В событиях 1917 М. непосредственного участия не принимал, но несколько позже (1918) отношение к ним выразил так: «Верьте, я только счастливый безумец, / Поставивший все на Октябрь» (Явь. М., 1919). Возвратившись в Пензу, М. печ. в пензенской губернской типографии «революционный альманах» «Исход» и свой перв. поэт. сб. «Витрина сердца» .

В 1919 - секретарь изд-ва ВЦИК в М. Понятно, что на такие должности людей «с улицы» не берут, однако в воспоминаниях, писавшихся в 1950-е, М. не называет имени высокопоставленного «благодетеля». По предположению совр. исследователя, это дядя поэта, заместитель наркома водного транспорта Э. Ф. Розенталь (Радечко П. Троянский конь репутации Есенина). В этом же году он не просто дебютирует в столичной печ., но оказывается составителем альм. «Явь», где его поэтич. продукция соседствует со стихами Андрея Белого и Б. Пастернака.

В М. знакомится и сближается с С. Есениным и В. Шершеневичем. Подпись М. стоит под манифестом русского имажинизма («Декларация», февр. 1919), его стихи печ. в многочисленных имажинистских сб. нач. 1920-х.

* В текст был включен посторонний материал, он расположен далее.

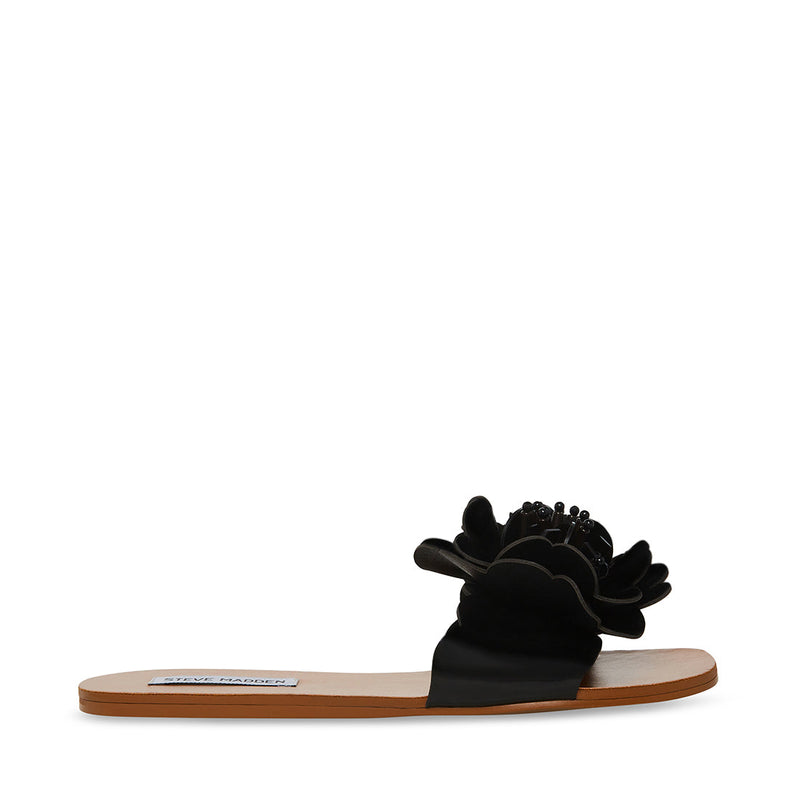CHELSEA BLACK - SM REBOOTED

Неск. десятилетий спустя М. скажет о тогдашних своих взглядах: «Не чуждо нам (Есенину и Мариенгофу. - Ред .) было и гениальное мракобесие Василия Васильевича Розанова» (« Мой век, моя молодость, мои друзья и подруги» ). М. вполне разделяет розановское (периода «Апокалипсиса нашего времени») понимание революции 1917 как разрешение конфликта между Христом и Солнцем-Иеговой в пользу второго. Но «счастливый безумец» идет еще дальше, он и Солнце лишает каких-либо сакральных прерогатив, рассматривая его лишь как некий «осветительный прибор», единственная функция кот. - выхватить из тьмы времен «Я». В «Революционной Троице» (Свобода, Равенство, Братство) поэта привлекает, пожалуй, лишь свобода, понимаемая вполне по-штирнеровски. Неслучайно, что «анархия» становится «лейт-словом» в поэме М. «Кондитерская солнц» (1919).

Вскоре, однако, восторг «счастливого безумца», намеренного «стихов серебряные росы» вручать «только тем, кто несет погромные колья», обретает и опр. эмоциональное противотечение: «Я знаю, увять и мне» (поэма «Слепые ноги» ). И если совсем недавно поэт призывал кровь Христа «выплескивать, как воду из рукомойника», ради «живой жизни», то в 1920 в «мрачно-красивой» (В. Львов-Рогачевский) поэме «Сентябрь» он приходит к мысли о самоубийстве («Открою у ладони синий желоб. / Прольется кипяток. / Вольется лед»).

Поэзия М.-имажиниста глубоко пессимистична. Хотя «Стихами чванствую» и «Развратничаю с вдохновеньем» , но наступает «Разочарование» , и впору сделать «Руки галстуком» . Так, опр. образом соединив названия некот. поэтич. сб-ков М. 1919–20, можно было бы определить миро– и жизнеощущение поэта в этот период учитывая, разумеется, нарочито-эпатажный характер названий.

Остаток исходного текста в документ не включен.